[Directions]:
All lines at and after the one containing "Mitch Brogan is", up to the end of the listing below, are to be printed exactly, with the pictures omitted.

[Available records]:

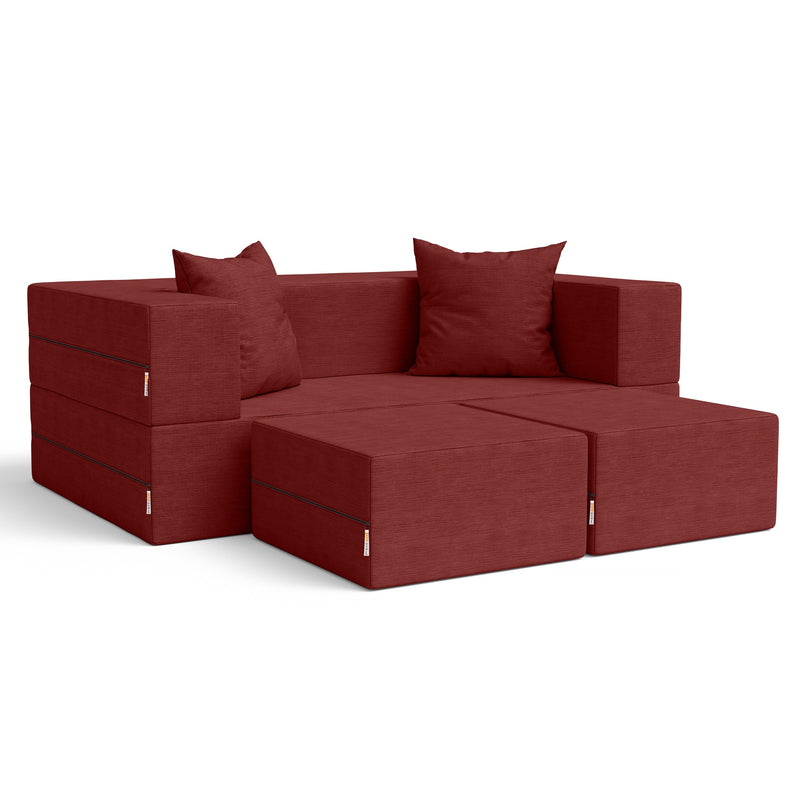 Zipline Loveseat in Berry Microvelvet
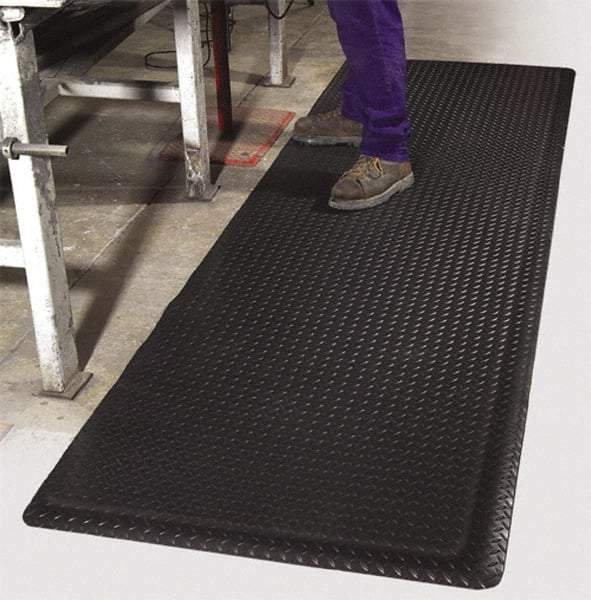 PRO-SAFE - 12' Long x 3' Wide, Dry Environment, Anti-Fatigue Matting - Black, Vinyl with Vinyl Sponge Base, Beveled on 4 Sides - Makers Industrial Supply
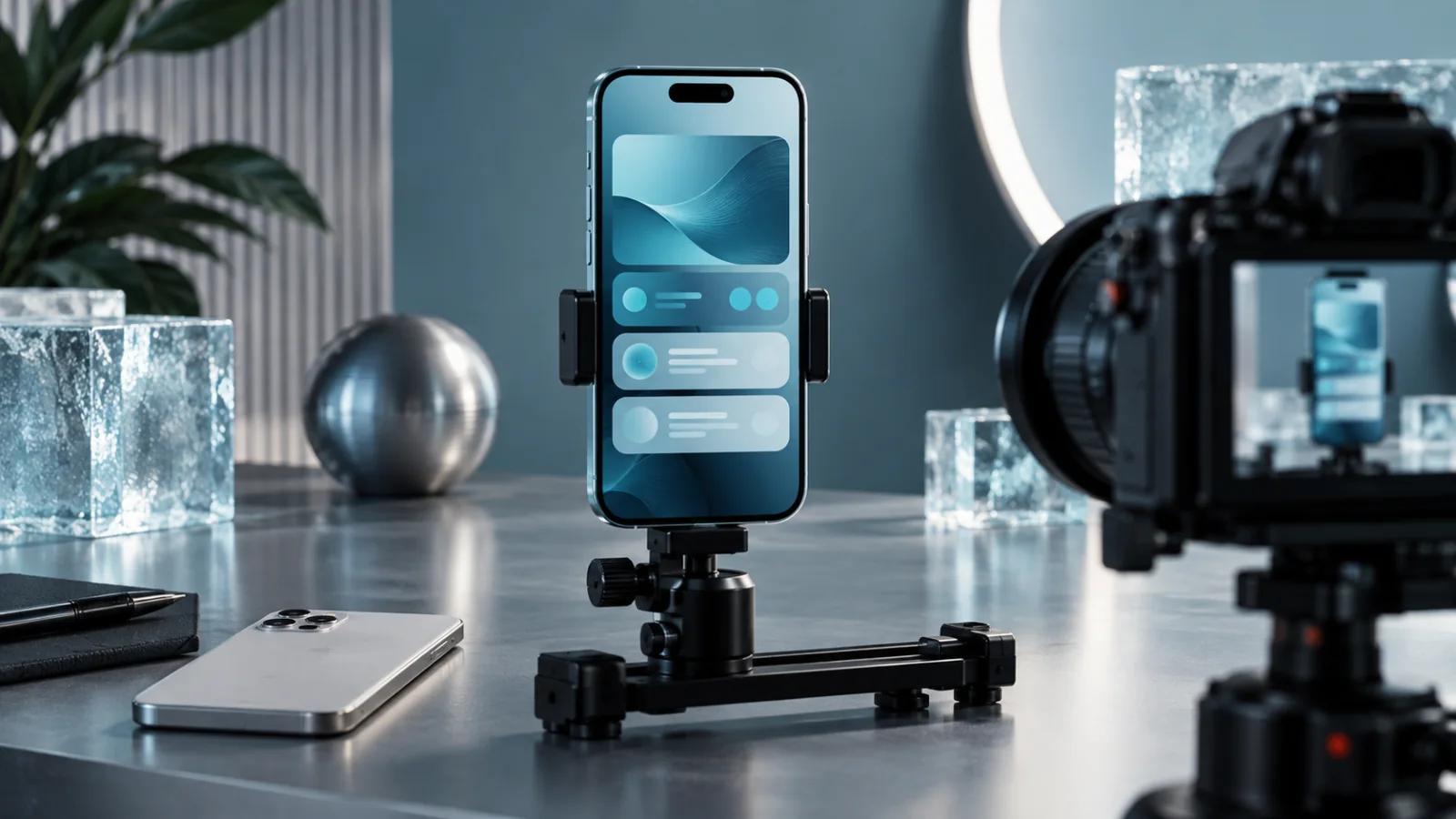 An abstract navigation screen on a mounted smartphone with a second camera and rehearsal handset
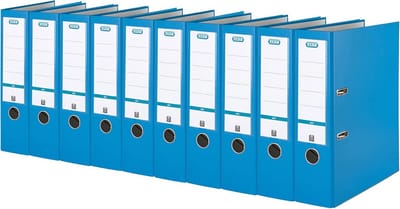 Elba Ordners - Aktemappen Ringbanden - Documenten Opbergen - Metalen Randbescherming - 10 stuks A4 - Oceaanblauw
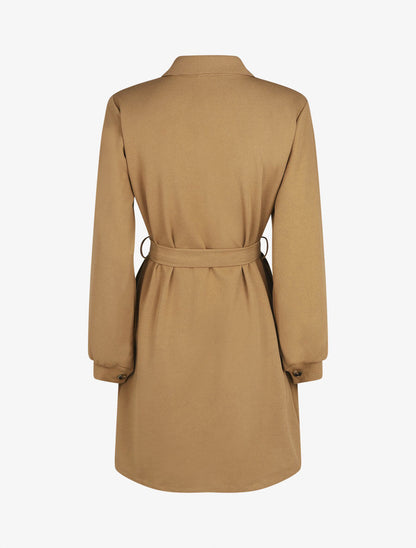 Robe chemise courte manches longues - Camel - 2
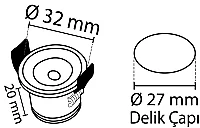 Noas YL94-1151 2W 6500K Beyaz Işık Beyaz Kasa Yıldız Spot - 2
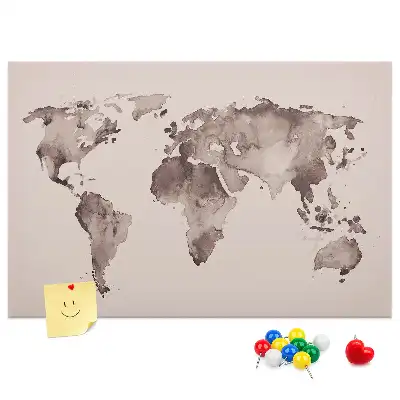 Kurk prikbord met wereldkaart in aquarel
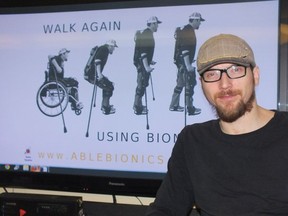 Mitch Brogan is no longer bound to a wheelchair with th e help of his exoskeleton robotic legs.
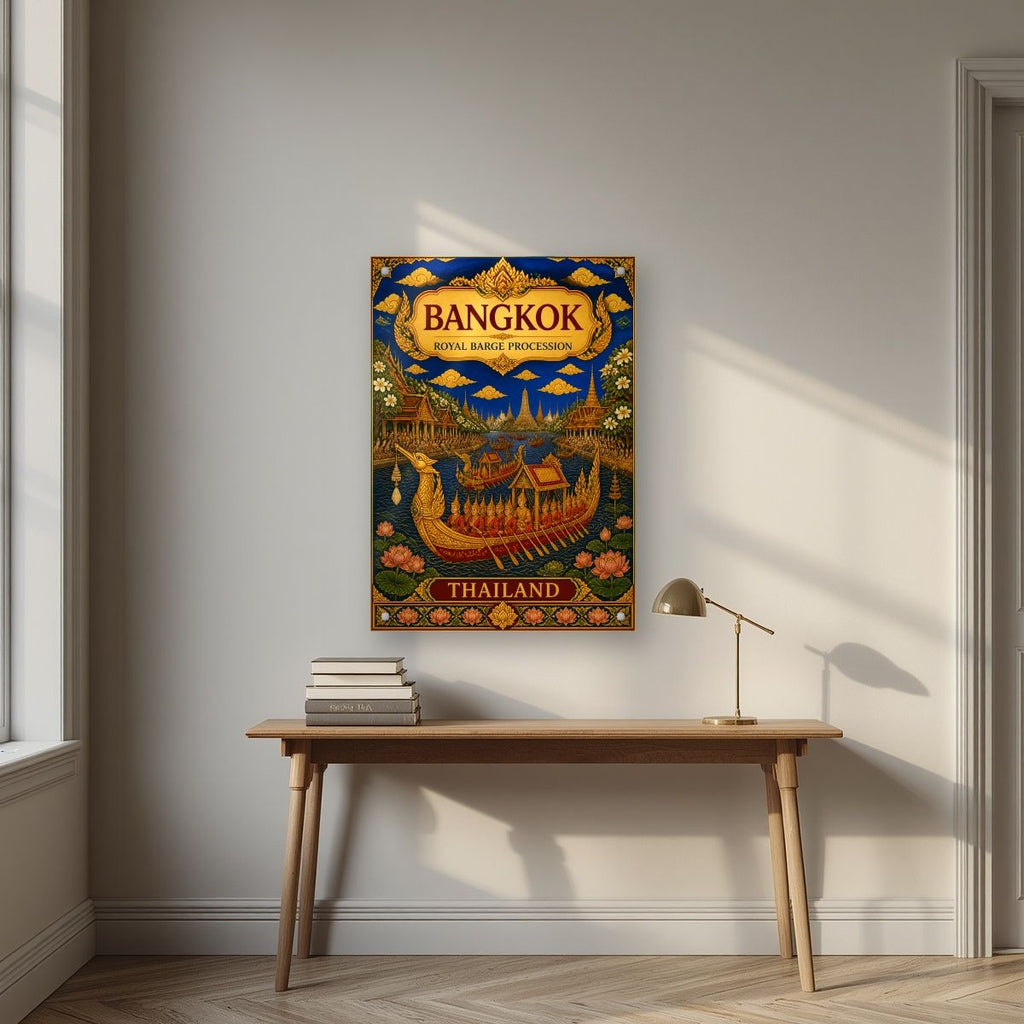 Royal Barge Procession — Bangkok art print, as an acrylic print, styled in a desk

[Answer box]:
 Mitch Brogan is no longer bound to a wheelchair with th e help of his exoskeleton robotic legs.
 Royal Barge Procession — Bangkok art print, as an acrylic print, styled in a desk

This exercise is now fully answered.